- EXERCISE REQUIREMENTS -
Everything in the listing should be set down exactly, apart from the pictures.

(Beginning of LISTED ENTRIES)

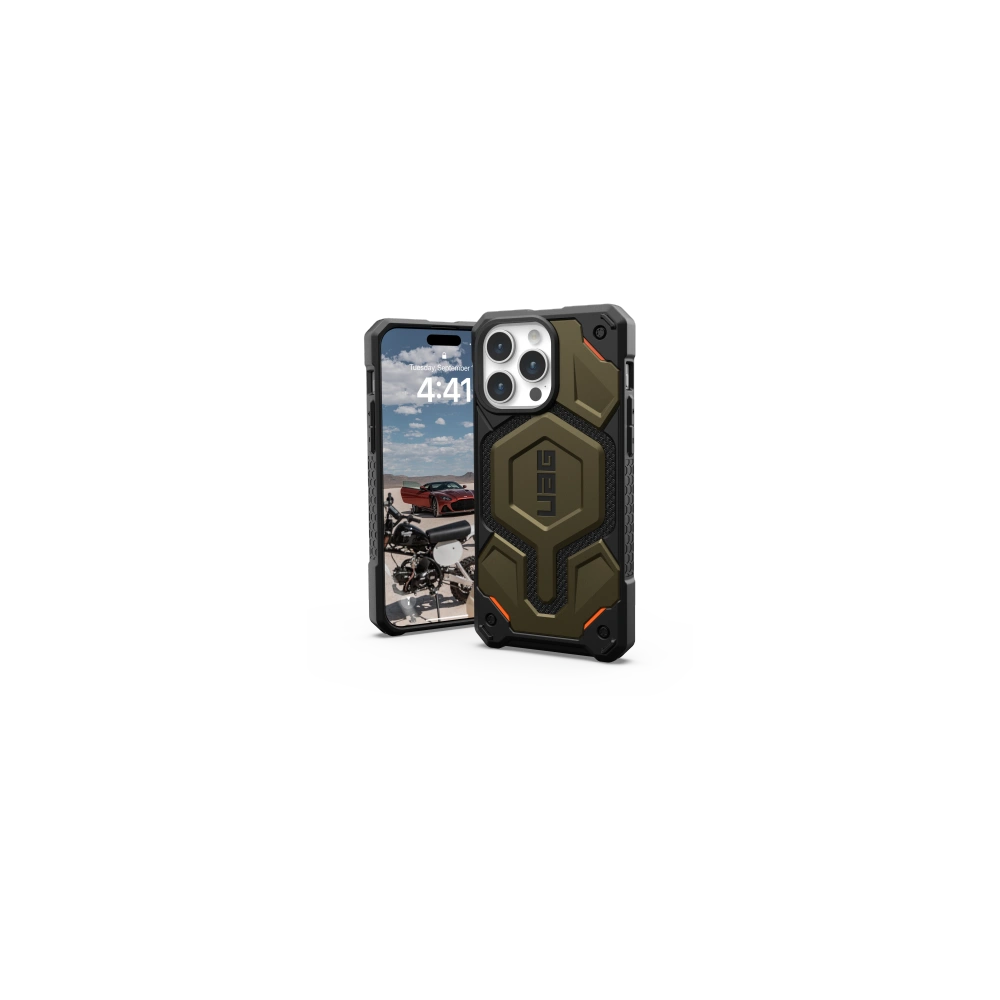 Hurtownia GSM - Etui UAG Monarch Pro Apple iPhone 15 Pro Max MagSafe (kevlar element green) - UAG1220 - {ean13} - Hurt
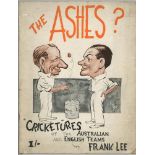 'The Ashes? Cricketures of the Australian and English Teams'. Frank Lee. Magnet Publishing Co.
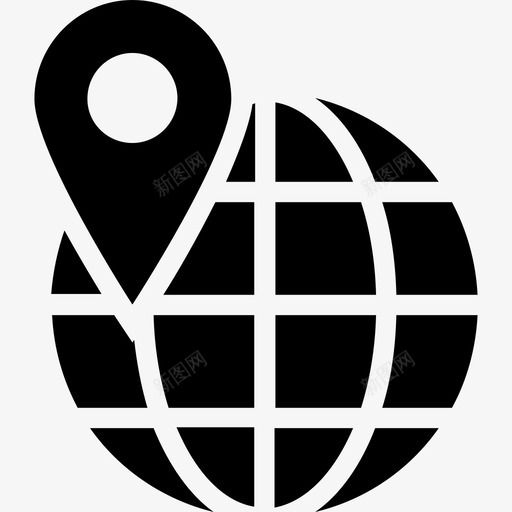 全球定位全球导航全球定位系统图标svg_新图网 https://ixintu.com 全球定位 全球定位系统 全球定位系统导航 全球导航 地图引脚 热空气浮标符号图标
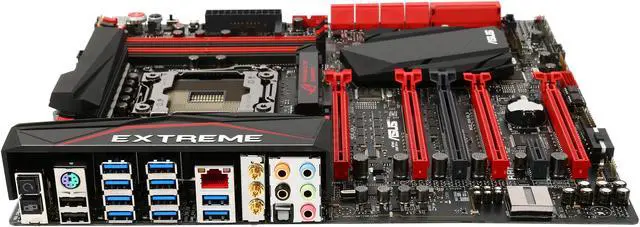 Alt view image 2 of 13 - ASUS ROG RAMPAGE V EXTREME/U3.1 LGA 2011-v3 Intel X99 USB 3.1 Extended ATX Intel Gaming Motherboard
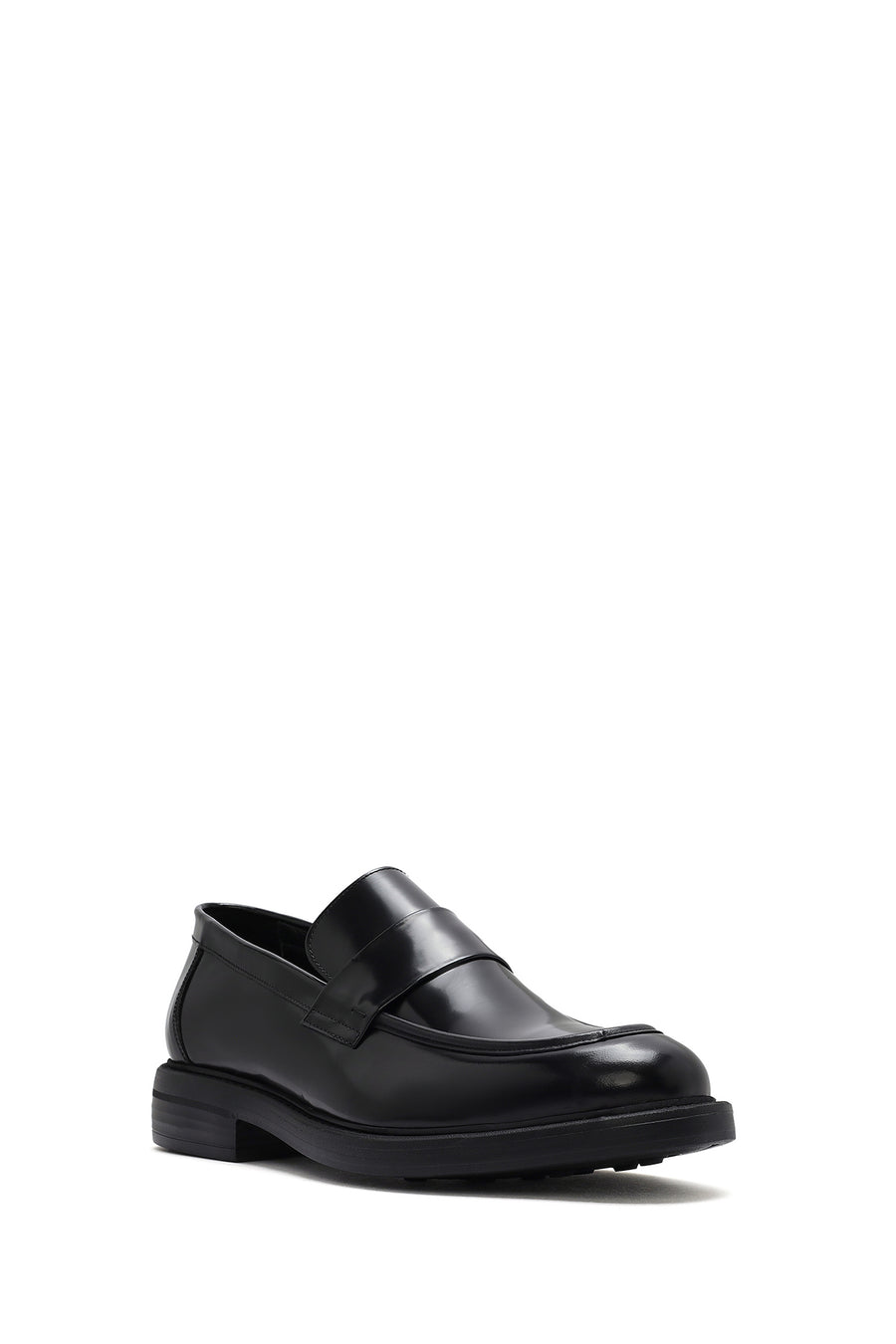 Men's Black Leather Loafer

(End of LISTED ENTRIES)

- RESULT FOR THIS TASK -
 Hurtownia GSM - Etui UAG Monarch Pro Apple iPhone 15 Pro Max MagSafe (kevlar element green) - UAG1220 - {ean13} - Hurt
 'The Ashes? Cricketures of the Australian and English Teams'. Frank Lee. Magnet Publishing Co.
 全球定位全球导航全球定位系统图标svg_新图网 https://ixintu.com 全球定位 全球定位系统 全球定位系统导航 全球导航 地图引脚 热空气浮标符号图标
 Alt view image 2 of 13 - ASUS ROG RAMPAGE V EXTREME/U3.1 LGA 2011-v3 Intel X99 USB 3.1 Extended ATX Intel Gaming Motherboard
 Men's Black Leather Loafer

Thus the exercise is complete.